Nevada

Bill's surgery on October 16th went okay.  Had to keep his head down 22 hours a day.  Such a hard thing to do. He listened to a lot of audio books.  Ordered a head rest that was similar to one the use to give massages.  2 drops in his eye 4 times a day.  Gery came over and visited several times.  That sure helped.  We/he must have done okay because when we back for his follow up visit on the 25th, he was told he didn't have to keep his head down anymore.  Still has the gas bubble.  It's dropped about a little less than a 1/3 of the way down.  Still a bit to go.  He sees nothing out of his eye yet.  We go back in 3 weeks.  Told him he could drive but we are thinking not.  He is not allowed to fly so Thanksgiving with Kerri and Paul is out.  And so is Christmas.  We are very disappointed about this situation but it is for Bill's safety.  Bubble could like explode because of the altitude. He has a green bracelet on saying this.  That won't be taken off until bubble disappears.  Dr. Feinstein couldn't see past the bubble looking straight ahead.  He laid Bill back and made him look from side to side and up and down.  He feels that the Macular hole (reason for the surgery) has been healed.  Just pray his gas bubble soon dissipates so he can see again.

I started my chemo pill, Thalomide, and Dex on October 25th.  Just feel very tired so far.  I am praying that I don't get any other side effects.  I need this to work.  I will take the Dex once a week.  The Thalomide every day for 21 days.  Then I am off 7 days.  Once I start back, I will be taking them for 28 days, 7 days off.  The 28 days will be what I will be doing all the time then.  I am to do blood work every week.  Going to try to go to Quest instead of driving to the Cancer Center.  We will see how that works.  Need the results to go to Dr.
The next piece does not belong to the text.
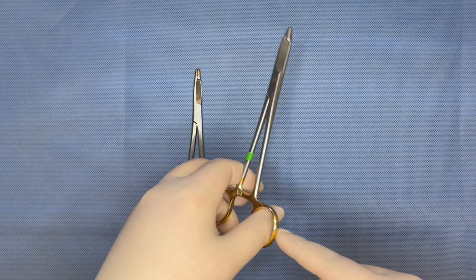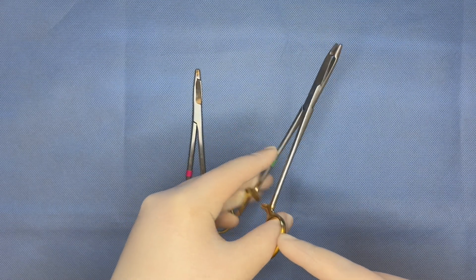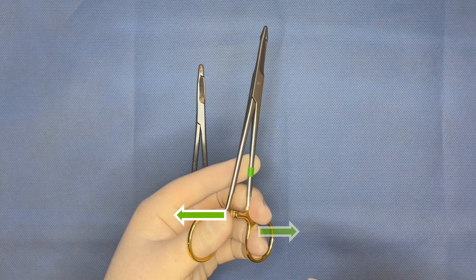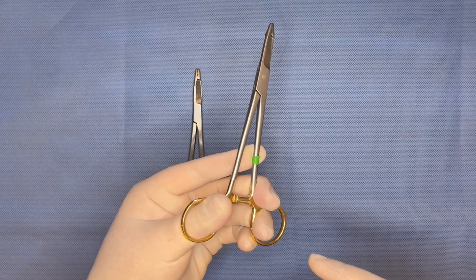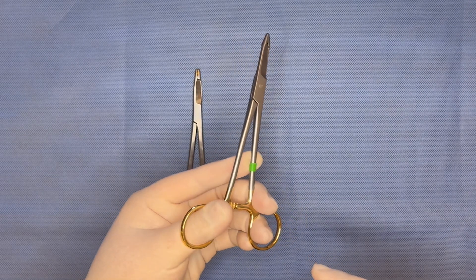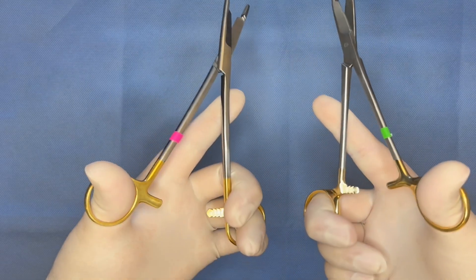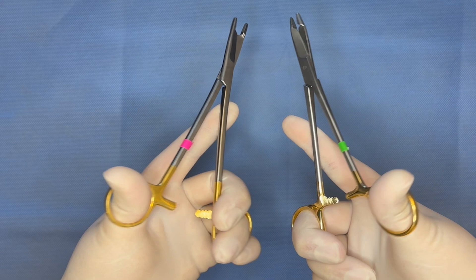If I want to use a right-handed instrument in my left hand, I instead need to pull my thumb towards my palm and push away with my fingers. This is effective but less ergonomic and requires more conscious practice. Using the correctly designed instrument for each hand is smoother and more natural. I like to have the option to use left-handed needle drivers for closing large incisions or when more precision is needed, but I often use the standard instruments for smaller incisions.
Sarriera each week.  I have an appointment with him on November 7th.  He wasn't too happy about me not starting the Thalidomide till the 25th.  I had wanted to wait until November 1st.  He said he didn't want me to wait because of my type of Myeloma is aggressive.  And, if I think about it, I haven't had any chemo since, July 9th,  two weeks before my surgery on July 25th.

The scar from the surgery has all but healed up.  I have a spot or two that is still scabby.  Yuck.  The scar runs from the top of my scalp, down the back of my head to about the middle and then over to behind my right ear.  I will soon have a mohawk.  The hair is starting to grow back where the scar is.  It's about 1 1/2 inches long and sticks straight up.  Mohawk on the way.
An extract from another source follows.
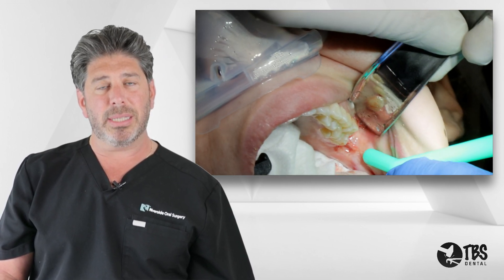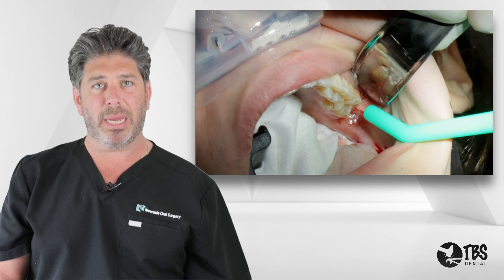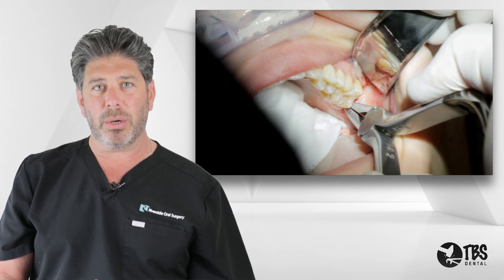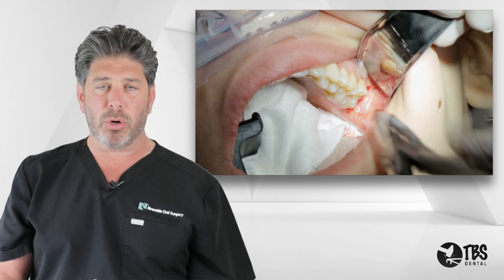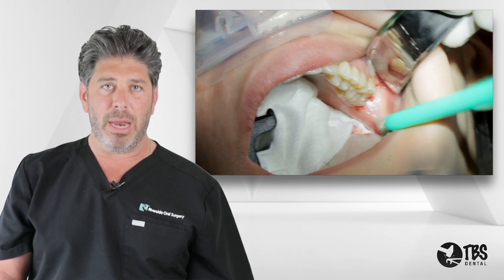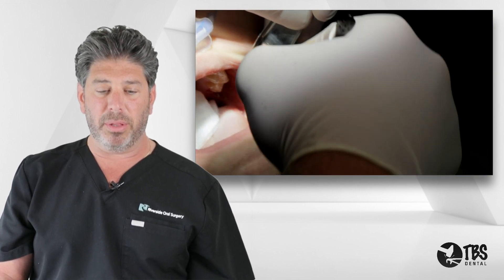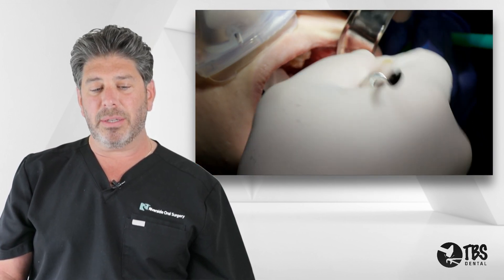After removing the third molar, I clean out and debride the socket of all soft tissue using a serrated double-ended spoon curette and a rongeur to remove the remaining tissue. We also clean up the bone, irrigate, and make sure the flap is back in place on its own. Then we go to the lower.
I received a voice message but it didn't recognize the number. When I listened to the message it said "Hi this is Sharon from Nevada.  Huh? Then about the time I am listening, I get a text saying" Hi Kathy this is Darren from NirVana.  The PT supervisor.  Not Sharon from Nevada!!!!  Good laugh.

Quote:

Each day I conquer Myeloma, makes me another day stronger.  Cancer sucks.